Task
Using the listing below, set down exactly the lines starting at the line that contains "Alex and Ani" and ending at the line that contains "00's anvil COHIBA", both included, and no others.

Provided data
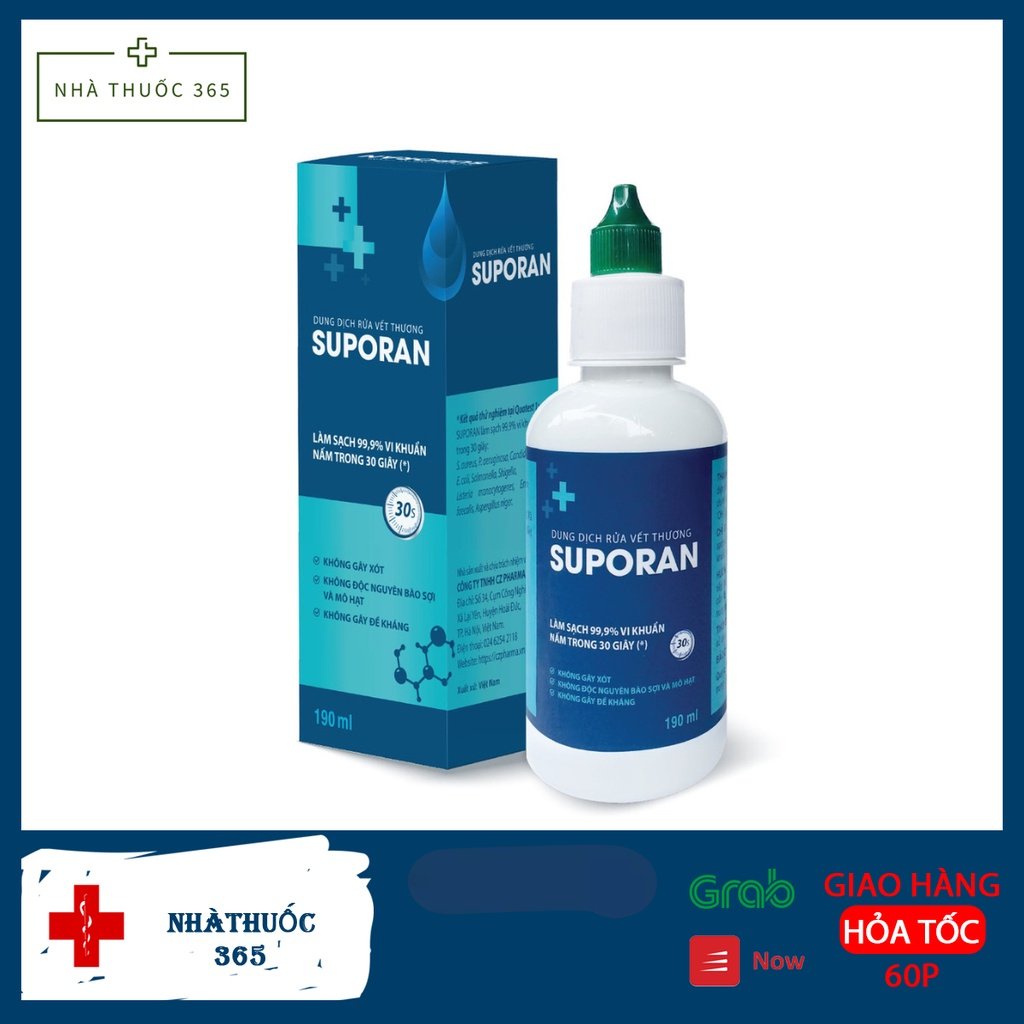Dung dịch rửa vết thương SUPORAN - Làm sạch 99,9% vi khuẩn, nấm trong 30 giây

* * *

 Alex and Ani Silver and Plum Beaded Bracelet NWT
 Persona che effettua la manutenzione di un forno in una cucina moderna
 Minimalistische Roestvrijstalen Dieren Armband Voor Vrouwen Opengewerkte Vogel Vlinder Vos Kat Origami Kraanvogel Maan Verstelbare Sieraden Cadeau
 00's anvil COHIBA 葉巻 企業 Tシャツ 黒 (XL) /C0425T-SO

--

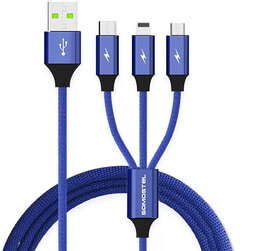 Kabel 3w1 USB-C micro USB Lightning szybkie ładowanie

Worked solution
 Alex and Ani Silver and Plum Beaded Bracelet NWT
 Persona che effettua la manutenzione di un forno in una cucina moderna
 Minimalistische Roestvrijstalen Dieren Armband Voor Vrouwen Opengewerkte Vogel Vlinder Vos Kat Origami Kraanvogel Maan Verstelbare Sieraden Cadeau
 00's anvil COHIBA 葉巻 企業 Tシャツ 黒 (XL) /C0425T-SO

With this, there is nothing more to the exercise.